_Data section_
- - - -

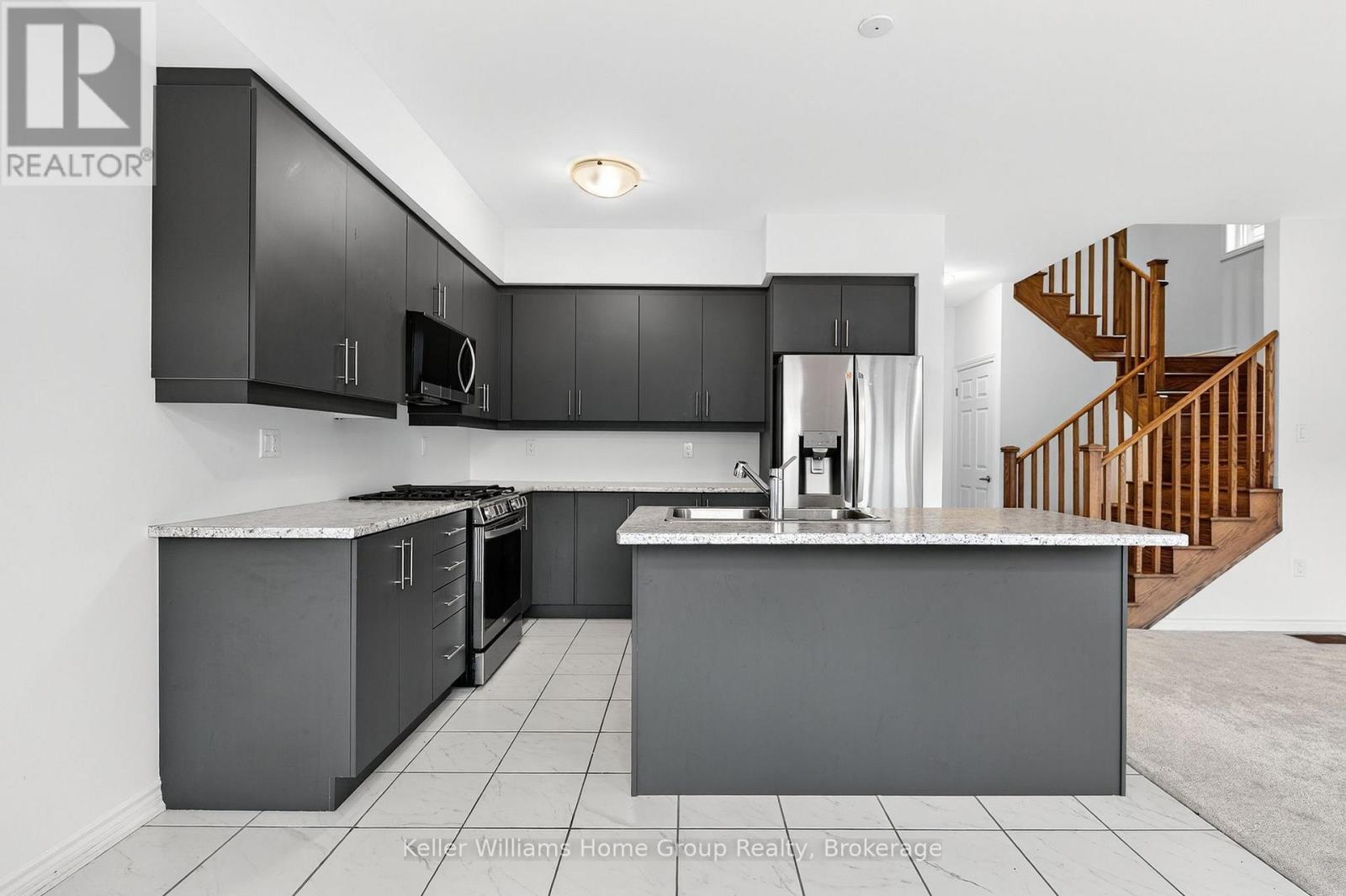 27 Harpin Way W, Centre Wellington (Fergus), ON - Indoor Photo Showing Kitchen With Double Sink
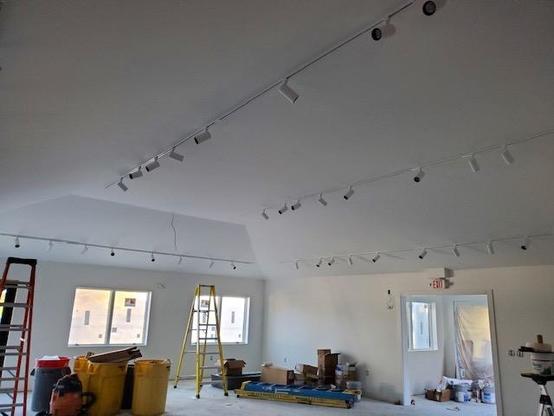 Color photo of new track lighting installed in a white museum exhibit area that's under construction. Ladders, tools and boxes take up the empty space. 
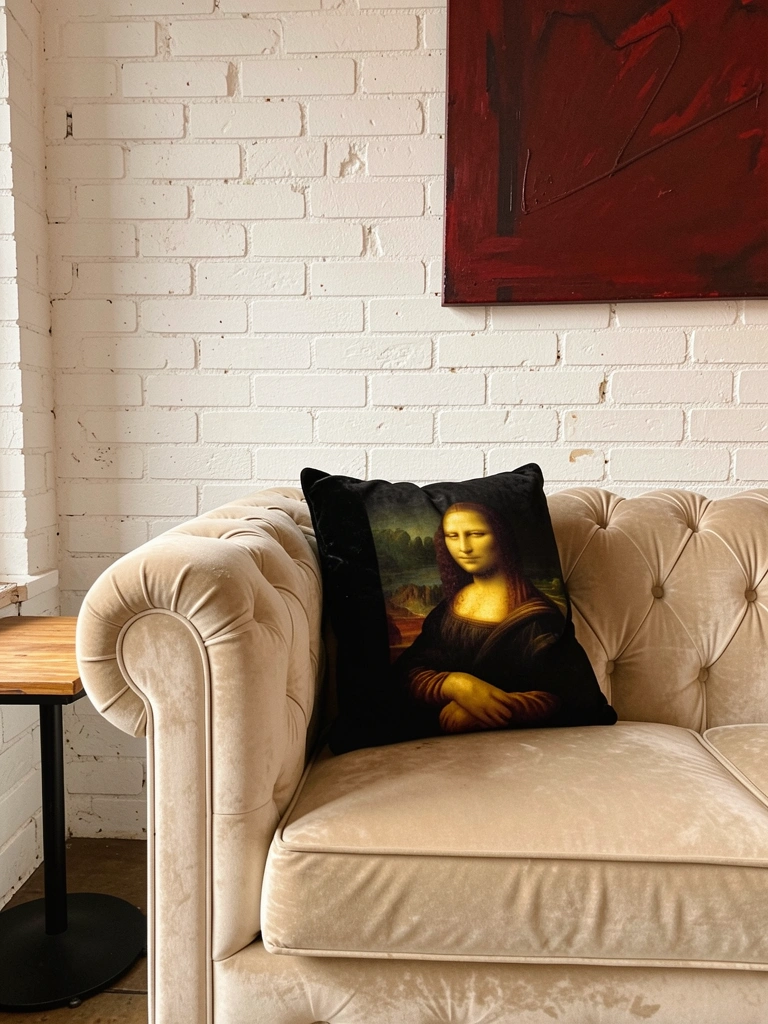 Sofá Chesterfield bege com almofada preta de Mona Lisa, parede de tijolos brancos, pintura abstrata vermelha e mesa lateral de madeira com base metálica preta.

- - - -

_Exercise requirements_
Copy out the whole listing exactly, and don't carry over any pictures.

_Solved problem_
 27 Harpin Way W, Centre Wellington (Fergus), ON - Indoor Photo Showing Kitchen With Double Sink
 Color photo of new track lighting installed in a white museum exhibit area that's under construction. Ladders, tools and boxes take up the empty space. 
 Sofá Chesterfield bege com almofada preta de Mona Lisa, parede de tijolos brancos, pintura abstrata vermelha e mesa lateral de madeira com base metálica preta.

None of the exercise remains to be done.